§ **Prompt**:
Every line below is to be quoted exactly, with nothing added or dropped.

§ **Data provided**:
_____
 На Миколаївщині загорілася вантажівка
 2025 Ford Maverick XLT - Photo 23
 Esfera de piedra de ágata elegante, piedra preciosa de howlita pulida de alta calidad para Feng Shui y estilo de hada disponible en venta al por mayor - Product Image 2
_____
§ **Answer to this problem**:
 На Миколаївщині загорілася вантажівка
 2025 Ford Maverick XLT - Photo 23
 Esfera de piedra de ágata elegante, piedra preciosa de howlita pulida de alta calidad para Feng Shui y estilo de hada disponible en venta al por mayor - Product Image 2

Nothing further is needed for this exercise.